Okay. So let me go to the Austin Chalk. We've got -- Mark, you probably saw the initial program was just a couple of wells unbounded. Then we started stretching across the -- get the geographic extent that enabled us to get to the total account. And then we started doing multiple lots of different spacings. And typically, there were 3 wells with spacing in the -- then we started doing some in thick Austin Chalk 500 feet thick, 2 different landing zones in the Austin Chalk and doing spacing tests on those. So the confidence has gone, as you're aware, we've got 75 pass-through IP30, and we got more than 82 already. So we've done numerous tests, including staggering with the Eagle Ford. So that top end just continues to improve. Then we ran in the facility bottleneck, because of how much oil we are producing. So if you have 2 big pads coming on with a lot of oil production and your -- gatherer, your third-party gatherer systems designed for dry gas, you got to start doing remedial investment, and that's what we've been doing. On the Wolfcamp D, you're right, there's been a lot of offset activity of ours and our own, and its a more clay-rich interval.

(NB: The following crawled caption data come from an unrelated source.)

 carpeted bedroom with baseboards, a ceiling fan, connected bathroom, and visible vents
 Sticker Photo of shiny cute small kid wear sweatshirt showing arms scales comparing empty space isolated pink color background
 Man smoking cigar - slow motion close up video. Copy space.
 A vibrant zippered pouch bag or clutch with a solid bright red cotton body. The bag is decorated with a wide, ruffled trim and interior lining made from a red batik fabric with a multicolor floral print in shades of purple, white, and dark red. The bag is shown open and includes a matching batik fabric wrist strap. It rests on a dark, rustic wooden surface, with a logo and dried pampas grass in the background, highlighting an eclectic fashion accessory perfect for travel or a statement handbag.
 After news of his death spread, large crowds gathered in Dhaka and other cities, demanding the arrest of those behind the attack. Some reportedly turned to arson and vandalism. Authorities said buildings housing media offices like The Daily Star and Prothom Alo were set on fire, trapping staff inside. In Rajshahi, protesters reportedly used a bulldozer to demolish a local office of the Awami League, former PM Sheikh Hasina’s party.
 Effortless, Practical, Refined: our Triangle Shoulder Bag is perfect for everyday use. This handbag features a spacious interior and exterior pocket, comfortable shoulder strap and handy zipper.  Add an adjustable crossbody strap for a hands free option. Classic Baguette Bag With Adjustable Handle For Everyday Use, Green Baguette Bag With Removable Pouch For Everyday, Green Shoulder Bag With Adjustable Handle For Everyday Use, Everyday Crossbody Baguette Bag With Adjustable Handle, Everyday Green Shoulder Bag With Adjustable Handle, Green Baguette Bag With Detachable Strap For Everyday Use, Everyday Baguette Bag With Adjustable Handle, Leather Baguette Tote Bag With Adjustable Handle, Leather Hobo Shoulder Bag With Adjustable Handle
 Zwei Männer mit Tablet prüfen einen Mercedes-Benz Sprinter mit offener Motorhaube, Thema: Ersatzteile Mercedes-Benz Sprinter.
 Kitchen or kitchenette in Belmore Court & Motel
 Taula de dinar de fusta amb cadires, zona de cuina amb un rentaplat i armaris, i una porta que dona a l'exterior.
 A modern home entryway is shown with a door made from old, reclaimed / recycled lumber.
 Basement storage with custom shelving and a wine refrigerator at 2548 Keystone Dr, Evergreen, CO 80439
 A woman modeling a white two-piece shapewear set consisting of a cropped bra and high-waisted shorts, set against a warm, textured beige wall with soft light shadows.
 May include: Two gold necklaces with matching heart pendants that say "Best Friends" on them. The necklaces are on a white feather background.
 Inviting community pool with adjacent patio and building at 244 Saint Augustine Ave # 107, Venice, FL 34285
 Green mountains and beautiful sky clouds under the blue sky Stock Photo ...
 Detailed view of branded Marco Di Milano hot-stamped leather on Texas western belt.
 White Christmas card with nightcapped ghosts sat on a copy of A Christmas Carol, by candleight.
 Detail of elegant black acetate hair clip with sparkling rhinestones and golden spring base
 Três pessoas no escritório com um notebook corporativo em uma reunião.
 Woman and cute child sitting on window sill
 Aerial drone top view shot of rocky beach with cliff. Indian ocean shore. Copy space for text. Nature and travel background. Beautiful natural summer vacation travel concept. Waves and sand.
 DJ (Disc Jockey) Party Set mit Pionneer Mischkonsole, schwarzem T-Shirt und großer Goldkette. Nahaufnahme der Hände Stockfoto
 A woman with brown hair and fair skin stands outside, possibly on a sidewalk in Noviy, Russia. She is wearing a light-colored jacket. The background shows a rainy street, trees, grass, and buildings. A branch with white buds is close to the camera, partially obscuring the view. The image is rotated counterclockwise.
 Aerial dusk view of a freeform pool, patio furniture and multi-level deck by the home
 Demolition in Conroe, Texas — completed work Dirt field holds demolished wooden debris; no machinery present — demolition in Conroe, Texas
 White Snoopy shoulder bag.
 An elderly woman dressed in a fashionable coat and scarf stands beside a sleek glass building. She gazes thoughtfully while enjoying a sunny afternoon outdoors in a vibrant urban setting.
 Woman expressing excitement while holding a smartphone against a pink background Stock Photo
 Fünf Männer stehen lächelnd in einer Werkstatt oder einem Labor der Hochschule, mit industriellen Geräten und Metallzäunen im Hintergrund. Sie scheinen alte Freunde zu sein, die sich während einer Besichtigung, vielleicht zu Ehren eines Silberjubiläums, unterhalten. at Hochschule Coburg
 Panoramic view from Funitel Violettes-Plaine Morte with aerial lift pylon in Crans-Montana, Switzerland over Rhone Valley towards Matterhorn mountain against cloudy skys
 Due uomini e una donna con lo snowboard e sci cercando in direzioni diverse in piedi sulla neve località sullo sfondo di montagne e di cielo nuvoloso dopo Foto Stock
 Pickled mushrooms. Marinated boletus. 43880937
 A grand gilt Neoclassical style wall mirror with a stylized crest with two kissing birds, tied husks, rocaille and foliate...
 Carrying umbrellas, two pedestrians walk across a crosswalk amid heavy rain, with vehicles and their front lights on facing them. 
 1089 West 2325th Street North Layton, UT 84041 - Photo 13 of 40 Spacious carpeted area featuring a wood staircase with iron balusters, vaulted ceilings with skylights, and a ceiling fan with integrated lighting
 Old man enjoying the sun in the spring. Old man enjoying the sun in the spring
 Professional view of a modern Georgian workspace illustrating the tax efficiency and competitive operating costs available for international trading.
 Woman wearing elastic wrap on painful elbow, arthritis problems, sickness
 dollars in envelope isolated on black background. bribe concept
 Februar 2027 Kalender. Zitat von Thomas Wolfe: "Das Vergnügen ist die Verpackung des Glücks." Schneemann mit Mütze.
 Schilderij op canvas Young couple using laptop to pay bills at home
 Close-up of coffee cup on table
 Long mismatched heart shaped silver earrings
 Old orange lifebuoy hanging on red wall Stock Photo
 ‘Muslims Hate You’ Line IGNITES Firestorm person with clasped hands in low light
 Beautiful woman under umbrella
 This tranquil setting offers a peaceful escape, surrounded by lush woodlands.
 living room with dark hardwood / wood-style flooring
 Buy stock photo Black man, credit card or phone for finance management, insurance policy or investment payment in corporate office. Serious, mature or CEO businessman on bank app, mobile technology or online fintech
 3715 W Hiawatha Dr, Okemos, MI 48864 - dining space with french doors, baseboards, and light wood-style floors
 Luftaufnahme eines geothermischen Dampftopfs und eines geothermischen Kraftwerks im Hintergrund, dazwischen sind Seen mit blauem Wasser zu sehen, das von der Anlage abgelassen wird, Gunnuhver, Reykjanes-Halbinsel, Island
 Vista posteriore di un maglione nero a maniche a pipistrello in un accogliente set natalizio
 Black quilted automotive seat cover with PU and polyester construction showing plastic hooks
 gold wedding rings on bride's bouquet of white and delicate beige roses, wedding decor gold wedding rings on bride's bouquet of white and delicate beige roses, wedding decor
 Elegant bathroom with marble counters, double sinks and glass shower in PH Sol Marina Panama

It's got a great frac barrier. So it's independent development. And we saw that, hey, there's a better completion design here that we can try given the clay-rich nature, higher pressure. It's a little bit gassier, but still oily. And we do see it as a great play. And it's not one you have to go to immediately with the co-development. So you can say, yes, it's the best well we can drill or, hey, if it's in the middle of the pack, we don't need to drill it today. So that's what we're going to be figuring out that where it fits in our stack. Yes. You bet. Thanks, Mark.

Unknown Analyst

analyst
#29

On the 9,000 acres in new play, is that -- since you're not telling us where it is, does that imply you're still actively trying to add to that position? And if so, what would be a full position for you in that area?

Herbert Vogel

executive
#30

Okay. So all I'll say on that one is, yes, we're not saying more, because we still see some running room on getting more acreage and once we do and we get a couple of wells into it, we'll talk about it in more detail. So that's kind of how we're approaching it.

Unknown Analyst

analyst
#31

Is there a maximum potential you could see that position reaching?

Herbert Vogel

executive
#32

I think then we'll run into where we can't lease anymore, because we'll run into where it's already owned.

Unknown Analyst

analyst
#33

Okay. And then lastly, just when you say $50 a barrel is your breakeven? How do you define breakeven? Is that PV-10, PV-15?

Herbert Vogel

executive
#34

Yes. The way we do it is a little bit different than Enverus, but it just happens to work out the same at $50 a barrel. So it is the flat oil price required to get a 10% rate of return. So PV-10 breakeven, and we do that $2.50 gas. So at $50 oil, it just happens to be the 20:1 that Enverus would use in their breakevens. And I think that's where you'll see we really stand out. We do see a glitch on some people. They'll see our heavier costs in the Permian, which are like $900 per foot for a well, compared to some others, but they're not adjusting the type curve to what our type curves we achieve with those. So they'll apply somebody else's type curve with our cost and conclude it's a high breakeven well. They have to correct the type curve to the type curve we have. Also, we've spaced our wells in a very systematic way on each drilling spacing unit. So predrill, we will test what is the rate of return going to be on the last well we put in the DSU. So let's say there's 16 wells in DSU, we will say put a 17th well in there instead of 16, what's the rate of return on that incremental, call it, $9 million. And that's got to exceed a hurdle of 25%. Then we'll do the next, okay, what's the 18th well? Does it still exceed? That's how we define how many wells we put in a DSU between the vertical spacing of the co-development and the horizontal spacing. So we really make sure that we don't overcapitalize a DSU. You could put 40 wells into the DSU and find that your last 5 wells are new nothing. So that's the system we use.

Zachary Parham

analyst
#35

Thanks, Herb. We're running up at the end of our time here. Thank you and the SM team for being a participant here at our conference.

Herbert Vogel

executive
#36

Okay. Thanks. Thanks, Zach. Thanks for asking the questions.